Abuse can take different shapes not just physical but verbal. I think verbal is just as damaging because it distorts your thinking, it can emotionally destroy us. I find myself still drawn to negative people. I am noticing patterns that I do not like and now need to make decisions on where to go from here.

  • Do you hang out with someone that is constantly negative?
  • Do you notice that they put you down or others around them?
  • Do they blame you when things are not going their way?
  • Do they control everything?
  • Is it their way only?
  • Are you hesitant to give your comments or suggestions because they will shoot it down?
  • Do they make fun of you, embarrass you or others? Do they belittle you and your choices?
  • Have you heard this before? It is all your fault!
  • Do they treat you like a piece of crap?

Bottom line verbal abuse can tear a person down emotionally. If you are in this type of relationship than you need to seek help. If you have a friend that is abusive to you but worst to their family member than how do you you address this? I find myself in this situation.

Abuse takes so many shapes. It may be easier to walk away from friends that treat you with disrespect. But why do we not walk away? That is a bigger question.

In my life I go into the justifying again. I have one friend that I think this person is a good person, has a big heart but has so much anger. They to were affected by abuse. How can I turn my back from them? I know their pain? However, If they do not seek help, nor accept some of the blame then how do you get them to see the light? Unfortunately in my experience you cannot. You cannot control them or change them. You can offer advice but if they do not own their part then it is going to get no where quick.

Not everyone will be open to Al-anon or seeking out help. For years friends and family ask me why do you still go to Al-anon when you are not living with the alcoholic anymore. I have asked myself the same thing. Al-anon has helped me so much in the past ten years. Now I use the same tools in all my other parts of my daily life. It helps me think twice before speaking. Still work in progress because I am so not perfect. I so do not practice it every second of my day. I don’t want to treat others the way an abuser does, and I want to change my perspective. Through the tools given and the stories I hear it keeps me focused on how I want to be treated and how I want others to treat me. So if I reach out and own my part in this life of dysfunction then maybe there is hope for me and my family.

Find your happy place to clear your mind!

Change the thinking change the results.

The hardest part is taking the first step and admit our part in this and our wrong doings. A whole new can of worms appear. We all play a part in our lives, we just need to identify what is our part and how/why we continue to play that role.

If you have a friend who shows these signs then you need to ask yourself, “why do I want to continue this relationship?” and if you do not have a good enough answer than you have to walk away. Let go and move on. The goal in my life is too start to heal.

How can I heal if I continue to hold onto dysfunction? How do I heal if I allow others to treat me with disrespect? How do I heal if I refuse to let go of wanting to fix everyone?

My first step is accepting that I cannot change others only myself and that I deserve to be treated with respect. We all do.

I truly believe the road to recovery is a lifetime of speed bumps, turns, obstacles and surprises. But the only way to get on that road and start to heal for me is to let go of negativity.

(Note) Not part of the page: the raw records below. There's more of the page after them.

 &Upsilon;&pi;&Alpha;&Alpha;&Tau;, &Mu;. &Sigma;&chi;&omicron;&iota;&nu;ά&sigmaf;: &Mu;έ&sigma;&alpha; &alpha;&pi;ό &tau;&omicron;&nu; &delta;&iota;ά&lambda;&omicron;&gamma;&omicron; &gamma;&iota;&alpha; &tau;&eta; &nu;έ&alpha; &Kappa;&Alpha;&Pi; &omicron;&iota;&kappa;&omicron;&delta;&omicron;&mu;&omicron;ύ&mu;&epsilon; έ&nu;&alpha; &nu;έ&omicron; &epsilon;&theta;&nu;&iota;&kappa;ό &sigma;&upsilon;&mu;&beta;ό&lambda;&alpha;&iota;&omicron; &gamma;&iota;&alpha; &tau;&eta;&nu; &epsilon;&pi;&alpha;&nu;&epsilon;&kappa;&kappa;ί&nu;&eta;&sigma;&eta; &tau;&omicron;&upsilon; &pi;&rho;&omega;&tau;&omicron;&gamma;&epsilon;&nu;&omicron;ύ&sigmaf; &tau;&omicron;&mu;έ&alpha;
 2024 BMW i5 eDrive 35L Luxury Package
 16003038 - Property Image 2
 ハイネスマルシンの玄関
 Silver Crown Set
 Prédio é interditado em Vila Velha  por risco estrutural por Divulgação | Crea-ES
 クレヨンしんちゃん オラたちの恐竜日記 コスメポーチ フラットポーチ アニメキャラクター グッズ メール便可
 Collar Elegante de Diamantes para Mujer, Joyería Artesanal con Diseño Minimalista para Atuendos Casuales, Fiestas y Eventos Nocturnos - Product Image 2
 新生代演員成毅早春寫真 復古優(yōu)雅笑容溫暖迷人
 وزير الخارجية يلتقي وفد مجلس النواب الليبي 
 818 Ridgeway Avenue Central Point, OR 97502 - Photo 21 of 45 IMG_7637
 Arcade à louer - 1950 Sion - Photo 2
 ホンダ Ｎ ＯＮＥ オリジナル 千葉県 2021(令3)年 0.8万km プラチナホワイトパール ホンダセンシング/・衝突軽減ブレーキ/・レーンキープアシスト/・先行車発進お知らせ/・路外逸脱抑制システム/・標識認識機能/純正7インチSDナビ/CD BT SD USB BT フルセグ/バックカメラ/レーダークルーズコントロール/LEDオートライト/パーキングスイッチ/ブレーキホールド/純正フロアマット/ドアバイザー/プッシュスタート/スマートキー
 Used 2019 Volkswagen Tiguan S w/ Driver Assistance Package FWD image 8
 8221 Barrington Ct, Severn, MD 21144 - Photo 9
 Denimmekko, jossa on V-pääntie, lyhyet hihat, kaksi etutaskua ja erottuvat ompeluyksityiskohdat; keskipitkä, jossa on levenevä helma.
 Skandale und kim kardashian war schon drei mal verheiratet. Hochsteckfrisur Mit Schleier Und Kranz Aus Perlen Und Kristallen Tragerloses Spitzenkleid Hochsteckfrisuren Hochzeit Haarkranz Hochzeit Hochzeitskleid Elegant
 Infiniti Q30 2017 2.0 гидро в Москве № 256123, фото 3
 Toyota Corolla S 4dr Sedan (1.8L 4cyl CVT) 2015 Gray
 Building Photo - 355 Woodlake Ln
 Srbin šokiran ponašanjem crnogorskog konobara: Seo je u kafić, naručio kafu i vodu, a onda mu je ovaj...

Open my world to positive people. Be there for myself and others who are willing to get help. That is a new process for me that I am taking into the new year and the new decade.

If you have a friend or family member who show the signs, reach out and get help for yourself. If we decide to stay in the relationship than getting help from others is crucial to our sanity. Please know that you are not alone. So many people are affected by others. You deserve to be happy. We only live once you just have to take the first step to make the change. Reach out to someone you can trust. Be there for others who ask.